→ **TASK ITEM**
The answer must reproduce all of the data below exactly and contain no images.

→ **DATA BELOW**
════════
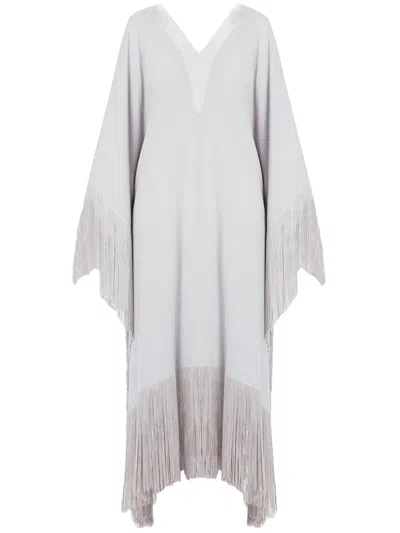 Taller Marmo Very Ross Fringed Kaftan Dress In Silver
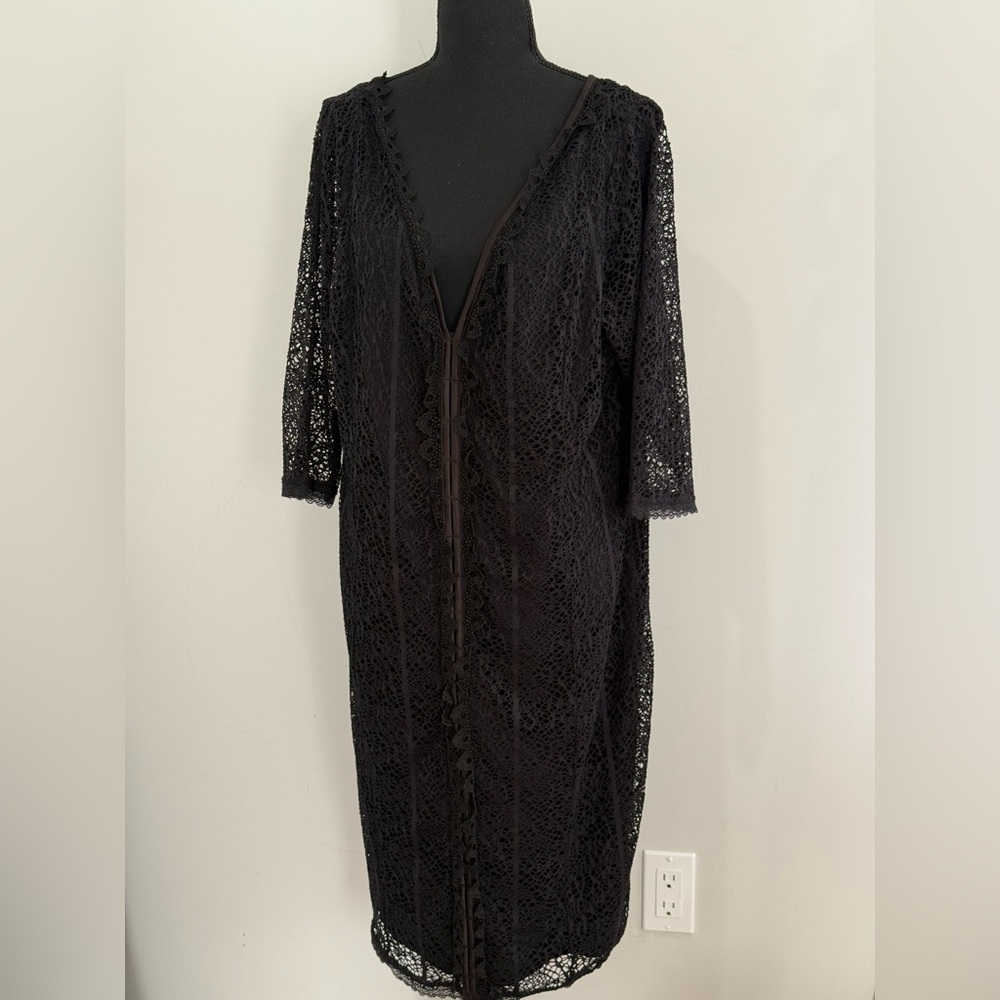 New w Imperfections Isabel Toledo for Lane Bryant 20 Black Lace Below Knee 081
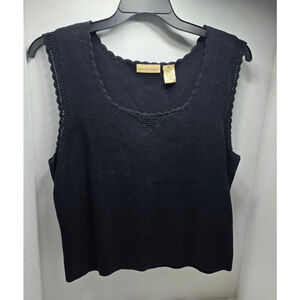 Women's Apostrophe Black Knit Tank Top XL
════════
→ **EXERCISE RESULT**
 Taller Marmo Very Ross Fringed Kaftan Dress In Silver
 New w Imperfections Isabel Toledo for Lane Bryant 20 Black Lace Below Knee 081
 Women's Apostrophe Black Knit Tank Top XL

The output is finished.